SOURCE: The Hertz Corporation

Hertz/Dollar Thrifty Agreement Only Scenario for Optimal Outcome and Deal Closure by Year End

PARK RIDGE, NJ–(Marketwire – September 24, 2010) – Hertz Global Holdings, Inc. (NYSE: HTZ) (“Hertz”) today affirmed that its merger agreement to acquire Dollar Thrifty at a purchase price equivalent to $50.25 (at the Sept 23 closing share price for Hertz of $10.45) is Hertz’s best and final offer. Hertz also expressed confidence that Dollar Thrifty shareholders would approve the merger transaction at their scheduled September 30, 2010 meeting, thereby clearing the way for a closing later this year. 

Mark P. Frissora, Hertz’s Chairman and Chief Executive Officer, said, “Our agreement with Dollar Thrifty provides its shareholders with a substantial premium, deal certainty and a clear path to deal closure by year end. We have made our best and final offer, and we believe that it is in the best interest of Dollar Thrifty shareholders to vote in favor of the transaction on September 30. We have antitrust clearance in Canada, unlike Avis, and our progress with the U.S. government makes us highly confident that we can close the transaction in a timely manner within the framework of our merger agreement. As previously disclosed, we have commenced the divestiture of Advantage Rent-a-Car, and we have identified several potential buyers.” 

Mr. Frissora added, “We expect to close the transaction before the end of the year. A vote against the deal would be a lost opportunity for the Dollar Thrifty shareholders. Avis’s proposal raises serious antitrust risks that our agreement does not, which is why Avis has repeatedly refused to match our agreement to pay a substantial termination fee if the transaction fails for antitrust reasons. Failure to approve the Hertz agreement could leave Dollar Thrifty without any transaction, a sub-optimal outcome for its shareholders,” Frissora concluded.

FORWARD-LOOKING STATEMENTS
This communication contains statements that constitute forward-looking statements within the meaning of the Private Securities Litigation Reform Act of 1995. These statements are based on the current expectations and beliefs of Hertz and are subject to a number of risks, uncertainties and assumptions that could cause actual results to differ materially from those described in the forward-looking statements.
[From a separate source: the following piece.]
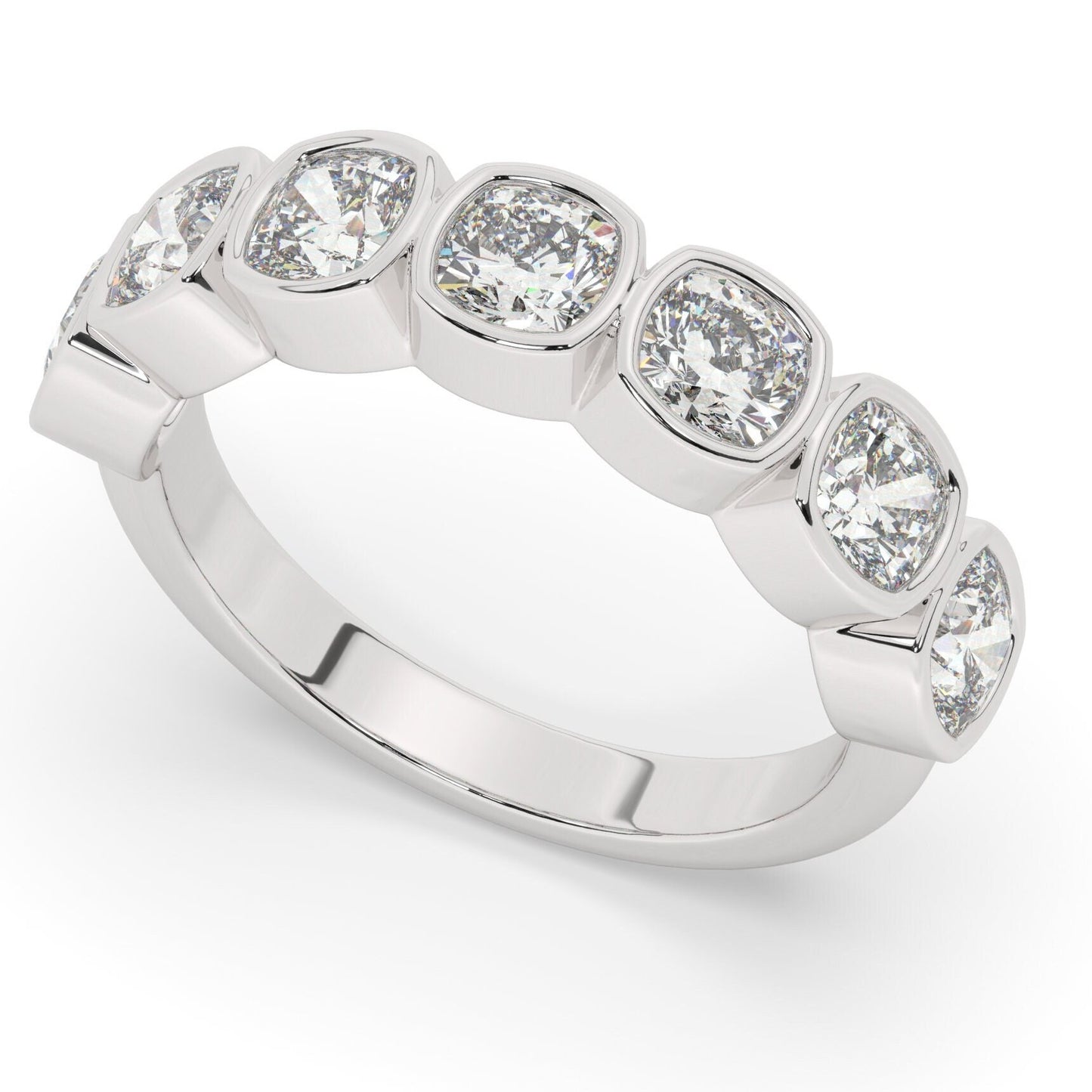 Cushion Cut Halfway Diamond Wedding Band / 14k Gold Bezel Set Wedding Ring / 2.5 CT Wedding Band / Anniversary Ring / Birthday Gift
All statements other than statements of historical fact are statements that could be deemed forward-looking statements. Risks, uncertainties and assumptions include the possibility that (1) Hertz and Dollar Thrifty may be unable to obtain stockholder or regulatory approvals required for the merger or may be required to accept conditions that could reduce the anticipated benefits of the merger as a condition to obtaining regulatory approvals; (2) the length of time necessary to consummate the proposed merger may be longer than anticipated; (3) problems may arise in successfully integrating the businesses of Hertz and Dollar Thrifty; (4) the proposed merger may involve unexpected costs; (5) the businesses may suffer as a result of uncertainty surrounding the proposed merger; and (6) the industry may be subject to future risks that are described in SEC reports filed by Hertz. Because forward-looking statements involve risks and uncertainties, actual results and events may differ materially from results and events currently expected by Hertz. Hertz assumes no obligation and expressly disclaims any duty to update the information contained herein except as required by law.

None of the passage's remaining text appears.